The Current State of Platforms for Open Source Models
Some observations for how open source LLMs/SLMs are being used and predictions for the future
It’s been almost 2 years since Meta released Llama-1, with incredible progress made in capabilities, applications and recipes for open source LLMs. I want to particularly lay down trends and some predictions for the future:
- Llama as a platform (or pretraining is unsexy again): In Aug 2023, there were a number of players pre-training models, and it looked like that might as well remain the state of open-source: A number of research labs and Big Tech players releasing/ pre-training their own models either for it’s own sake of building better models (Mistral) or tailored towards a particular application (CharacterAI). The story has changed significantly now, with consolidation around Llama as new “platform”. For one datapoint - CharacterAI was recently reverse acqui-hired by Google, and going-forward they’ve stated that their strategy is to actually shift to post-training models like Llama. Similarly, the capabilities of Llama, given the huge compute footprint and the talent pool of Meta, has surpassed other providers like Mistral. Two observations can be made:
- There will be more consolidation around Llama and more companies will switch to post-training or distilling Llama
- Pretraining as a service will become less and less attractive. There’s definitely going to be lesser companies doing so as Meta itself invests heavily in pretraining + post-training Llama. This raises some interesting business questions - the stickyness of SAAS for pretraining is gonna decrease.

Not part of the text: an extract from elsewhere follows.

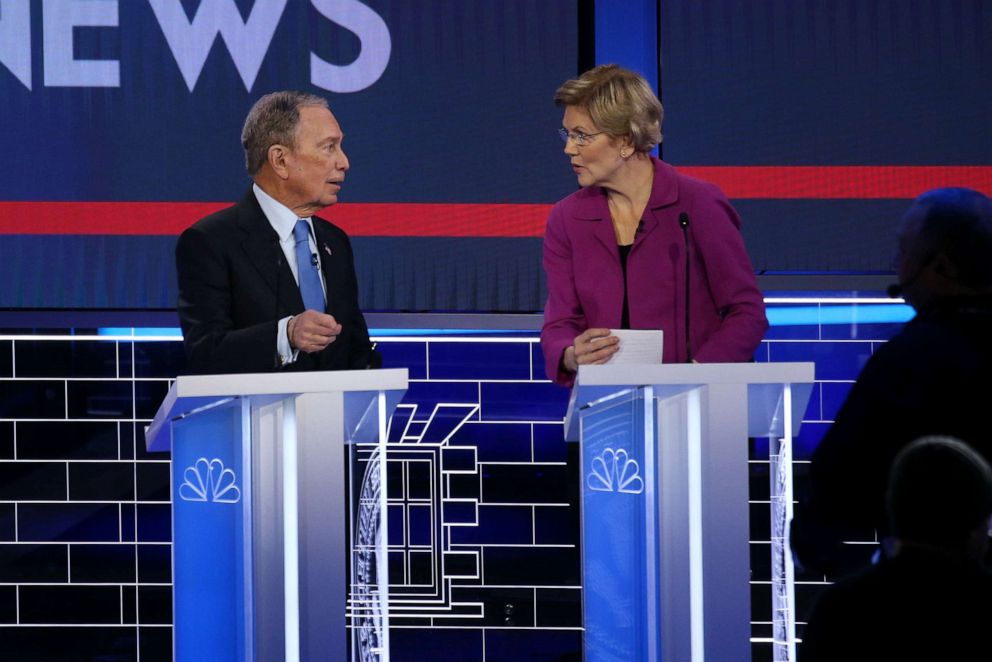 PHOTO: Democratic presidential candidates former New York City Mayor Mike Bloomberg, left, and Sen. Elizabeth Warren speak during the Democratic presidential primary debate at Paris Las Vegas, Feb. 19, 2020, in Las Vegas. Feb. 19, 2020, in Las Vegas.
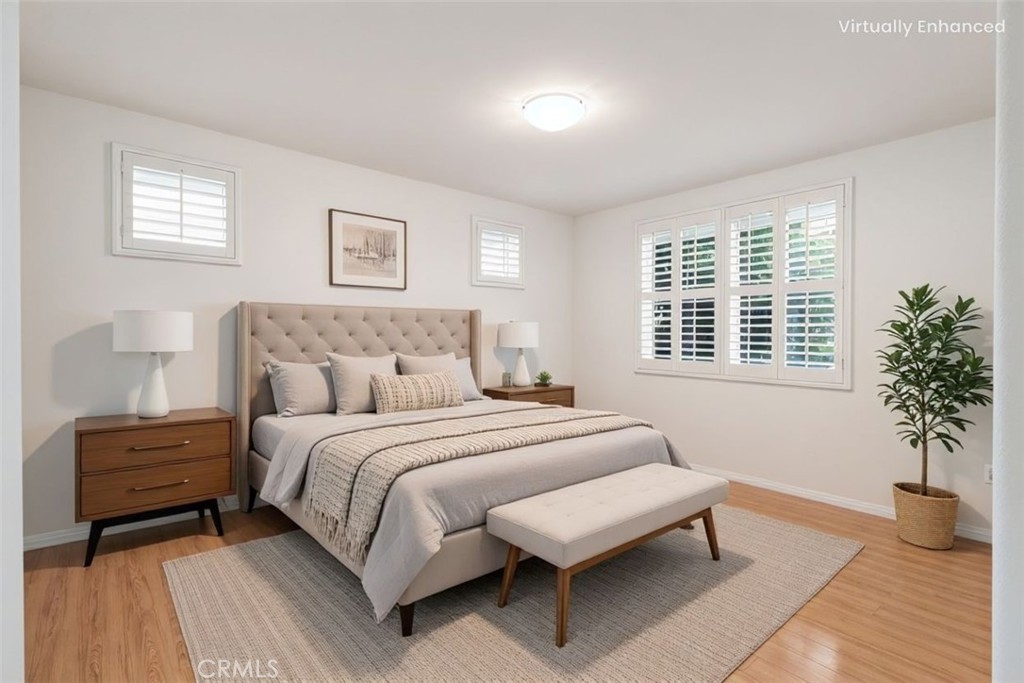 755 Francesca Drive, Unit 201 Walnut, CA 91789 - Photo 14 of 28 a bedroom with a bed and a couch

- It is still early for companies finding value from LLMs: This is partly from my personal experience being involved with some customers at Anyscale, and also partly from just talking with folks in the tech scene. Most companies are still not quite sure about how best to use LLMs. The hype around AGI doesn’t help either, and you’ll probably see LLMs being used for tasks that they’re really not a good fit for ( For a man with a hammer, everything starts looking like a nail). In terms of priorities, realiability is I think probably the number one, and structured output generation is the second.
- Agents are still the holy grail: While we’ve seen a lot of progress in this direction (Devin et al.), integrating an AI agent natively into your workflow is still the most impactful area.
- Pytorch-native tools and libraries will become more and more popular for pre-training, fine-tuning and inference: If you’ve been to Pytorch Conference 2024, you’ll see very clearly how Pytorch is investing heavily in building torch-native GenAI libraries - torchtitan, torchtune and torchchat. It’s also very clear how far torch.compile (which, if you remember, has always been one of the, if not the, biggest focus areas for Pytorch 2.0) has come. The good thing about this investment is that there will be co-design of Pytorch feaetures for LLM use-cases, and in the same way co-design for good abstractions and performant implementations in torchtune, torchchat etc based on said features. Simplifying your tech stack towards native Pytorch will become more attractive as this happens.
- Value capture is only recently starting to move up the chain: NVIDIA (monopoly hardware supplier) is still eating everyone’s lunch, but we’re seeing value capture move up the chain to cloud providers/ hyperscalers. Pure SAAS plays in this space (inference/fine-tuning/pretraining) will need to wait their turn. The exception to these simple buckets is data annotation providers (Scale AI, Surge AI, etc) who basically provide human labour as a service.